BEGIN Extracted data

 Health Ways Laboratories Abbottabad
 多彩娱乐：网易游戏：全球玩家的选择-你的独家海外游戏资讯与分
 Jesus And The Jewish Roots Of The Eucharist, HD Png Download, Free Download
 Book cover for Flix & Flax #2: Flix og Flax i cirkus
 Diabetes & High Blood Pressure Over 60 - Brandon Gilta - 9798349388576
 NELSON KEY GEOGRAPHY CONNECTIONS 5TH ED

END Extracted data
BEGIN Extracted data

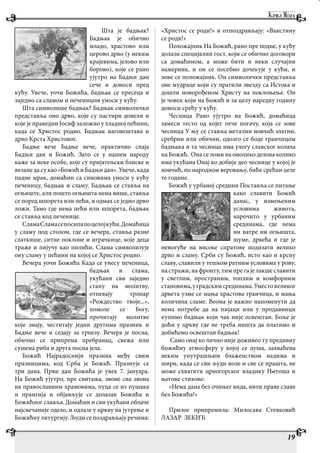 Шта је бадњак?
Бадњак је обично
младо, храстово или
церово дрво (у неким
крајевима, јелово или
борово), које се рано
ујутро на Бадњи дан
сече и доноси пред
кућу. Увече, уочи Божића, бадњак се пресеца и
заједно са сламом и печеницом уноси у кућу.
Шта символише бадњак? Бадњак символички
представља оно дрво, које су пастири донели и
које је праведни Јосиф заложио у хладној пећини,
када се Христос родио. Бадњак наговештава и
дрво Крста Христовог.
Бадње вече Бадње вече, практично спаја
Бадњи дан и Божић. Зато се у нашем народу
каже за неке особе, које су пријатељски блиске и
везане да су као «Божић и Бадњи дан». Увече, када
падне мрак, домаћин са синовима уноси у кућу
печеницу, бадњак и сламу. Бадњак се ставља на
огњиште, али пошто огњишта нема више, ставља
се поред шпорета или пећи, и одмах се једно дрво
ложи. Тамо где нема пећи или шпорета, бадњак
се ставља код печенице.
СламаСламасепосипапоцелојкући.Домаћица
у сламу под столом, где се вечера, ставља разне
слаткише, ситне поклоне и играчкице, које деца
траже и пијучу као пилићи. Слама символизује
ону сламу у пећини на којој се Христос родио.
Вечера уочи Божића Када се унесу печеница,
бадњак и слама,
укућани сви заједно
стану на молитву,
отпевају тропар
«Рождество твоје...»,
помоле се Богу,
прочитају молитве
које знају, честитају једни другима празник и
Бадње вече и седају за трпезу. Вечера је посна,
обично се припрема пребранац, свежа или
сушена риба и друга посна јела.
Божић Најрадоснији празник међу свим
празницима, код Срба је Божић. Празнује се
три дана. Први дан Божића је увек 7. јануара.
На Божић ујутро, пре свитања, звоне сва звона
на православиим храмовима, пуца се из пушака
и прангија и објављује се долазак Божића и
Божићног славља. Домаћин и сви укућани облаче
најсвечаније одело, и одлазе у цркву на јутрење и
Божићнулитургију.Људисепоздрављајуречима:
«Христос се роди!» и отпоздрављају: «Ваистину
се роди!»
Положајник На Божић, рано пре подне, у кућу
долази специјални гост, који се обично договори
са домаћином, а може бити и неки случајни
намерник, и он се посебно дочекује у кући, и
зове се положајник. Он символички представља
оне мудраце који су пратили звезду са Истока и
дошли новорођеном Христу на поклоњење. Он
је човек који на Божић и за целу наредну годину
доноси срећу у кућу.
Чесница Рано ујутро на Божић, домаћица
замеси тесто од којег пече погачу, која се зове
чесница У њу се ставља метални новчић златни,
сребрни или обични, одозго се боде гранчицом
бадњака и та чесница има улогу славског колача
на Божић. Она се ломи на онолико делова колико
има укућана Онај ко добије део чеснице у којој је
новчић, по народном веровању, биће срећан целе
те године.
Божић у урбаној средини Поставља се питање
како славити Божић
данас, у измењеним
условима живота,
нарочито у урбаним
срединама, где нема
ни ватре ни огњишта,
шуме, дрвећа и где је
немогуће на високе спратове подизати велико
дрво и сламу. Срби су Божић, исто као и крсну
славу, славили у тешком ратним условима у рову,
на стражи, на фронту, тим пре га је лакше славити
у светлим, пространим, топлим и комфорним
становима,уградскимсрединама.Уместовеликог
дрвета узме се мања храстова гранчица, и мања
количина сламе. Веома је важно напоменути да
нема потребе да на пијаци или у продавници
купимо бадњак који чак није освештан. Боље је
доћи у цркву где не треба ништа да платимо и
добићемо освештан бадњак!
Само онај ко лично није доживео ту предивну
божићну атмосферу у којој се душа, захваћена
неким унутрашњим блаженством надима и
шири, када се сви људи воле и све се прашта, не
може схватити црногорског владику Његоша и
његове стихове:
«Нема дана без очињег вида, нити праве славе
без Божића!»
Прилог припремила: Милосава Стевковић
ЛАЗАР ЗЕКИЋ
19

END Extracted data
BEGIN Extracted data

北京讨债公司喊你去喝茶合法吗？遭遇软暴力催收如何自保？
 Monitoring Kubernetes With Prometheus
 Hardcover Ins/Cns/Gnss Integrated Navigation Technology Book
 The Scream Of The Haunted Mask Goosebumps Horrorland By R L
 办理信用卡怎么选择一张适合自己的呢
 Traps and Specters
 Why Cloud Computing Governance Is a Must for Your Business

END Extracted data

*Exercise details*.
Of the entries listed above, reproduce only the lines starting at the line containing "у сламу под" and ending at the line containing "становима,угра". Include both, exactly as they stand.

*Exercise output*.
у сламу под столом, где се вечера, ставља разне
слаткише, ситне поклоне и играчкице, које деца
траже и пијучу као пилићи. Слама символизује
ону сламу у пећини на којој се Христос родио.
Вечера уочи Божића Када се унесу печеница,
бадњак и слама,
укућани сви заједно
стану на молитву,
отпевају тропар
«Рождество твоје...»,
помоле се Богу,
прочитају молитве
које знају, честитају једни другима празник и
Бадње вече и седају за трпезу. Вечера је посна,
обично се припрема пребранац, свежа или
сушена риба и друга посна јела.
Божић Најрадоснији празник међу свим
празницима, код Срба је Божић. Празнује се
три дана. Први дан Божића је увек 7. јануара.
На Божић ујутро, пре свитања, звоне сва звона
на православиим храмовима, пуца се из пушака
и прангија и објављује се долазак Божића и
Божићног славља. Домаћин и сви укућани облаче
најсвечаније одело, и одлазе у цркву на јутрење и
Божићнулитургију.Људисепоздрављајуречима:
«Христос се роди!» и отпоздрављају: «Ваистину
се роди!»
Положајник На Божић, рано пре подне, у кућу
долази специјални гост, који се обично договори
са домаћином, а може бити и неки случајни
намерник, и он се посебно дочекује у кући, и
зове се положајник. Он символички представља
оне мудраце који су пратили звезду са Истока и
дошли новорођеном Христу на поклоњење. Он
је човек који на Божић и за целу наредну годину
доноси срећу у кућу.
Чесница Рано ујутро на Божић, домаћица
замеси тесто од којег пече погачу, која се зове
чесница У њу се ставља метални новчић златни,
сребрни или обични, одозго се боде гранчицом
бадњака и та чесница има улогу славског колача
на Божић. Она се ломи на онолико делова колико
има укућана Онај ко добије део чеснице у којој је
новчић, по народном веровању, биће срећан целе
те године.
Божић у урбаној средини Поставља се питање
како славити Божић
данас, у измењеним
условима живота,
нарочито у урбаним
срединама, где нема
ни ватре ни огњишта,
шуме, дрвећа и где је
немогуће на високе спратове подизати велико
дрво и сламу. Срби су Божић, исто као и крсну
славу, славили у тешком ратним условима у рову,
на стражи, на фронту, тим пре га је лакше славити
у светлим, пространим, топлим и комфорним
становима,уградскимсрединама.Уместовеликог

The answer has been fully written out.